• _EXTRACTED INFORMATION_:
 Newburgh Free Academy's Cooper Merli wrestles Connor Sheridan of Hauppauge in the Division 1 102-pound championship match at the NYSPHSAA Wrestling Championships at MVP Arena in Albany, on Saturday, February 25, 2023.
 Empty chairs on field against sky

...

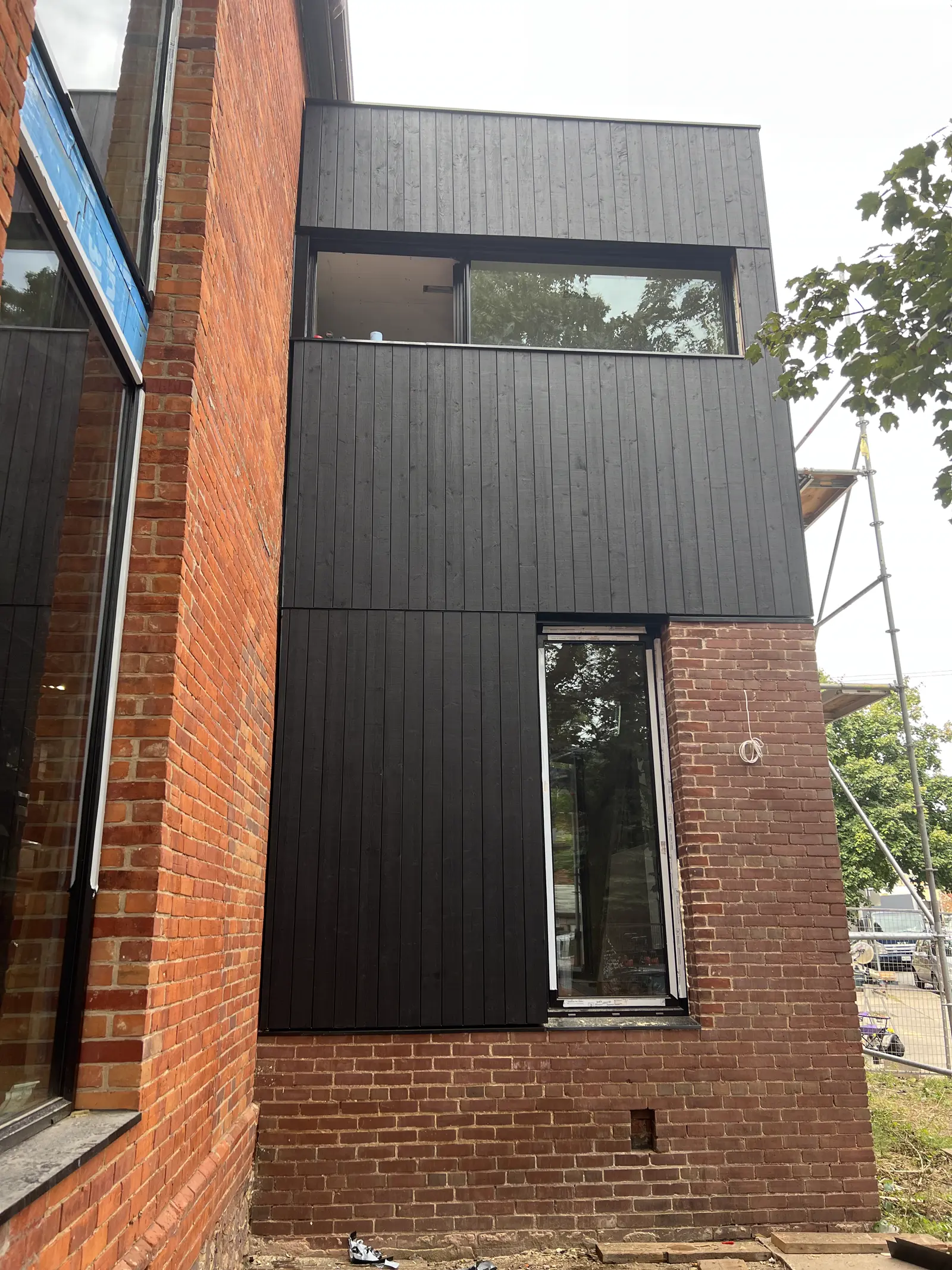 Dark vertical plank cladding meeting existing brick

==

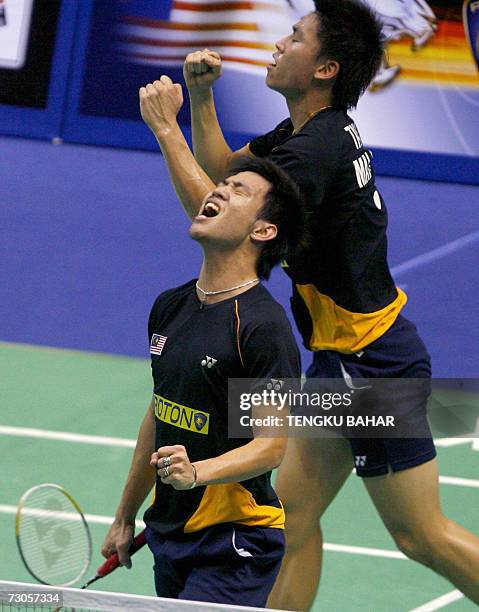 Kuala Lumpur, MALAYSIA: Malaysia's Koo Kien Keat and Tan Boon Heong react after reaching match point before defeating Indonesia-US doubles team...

• _ASSIGNMENT_:
Above are the records. Print exactly, and only, the lines from the line with "Newburgh Free Academy's" to the line with "Empty chairs on field against sky", both inclusive.

• _ANSWER SPACE_:
 Newburgh Free Academy's Cooper Merli wrestles Connor Sheridan of Hauppauge in the Division 1 102-pound championship match at the NYSPHSAA Wrestling Championships at MVP Arena in Albany, on Saturday, February 25, 2023.
 Empty chairs on field against sky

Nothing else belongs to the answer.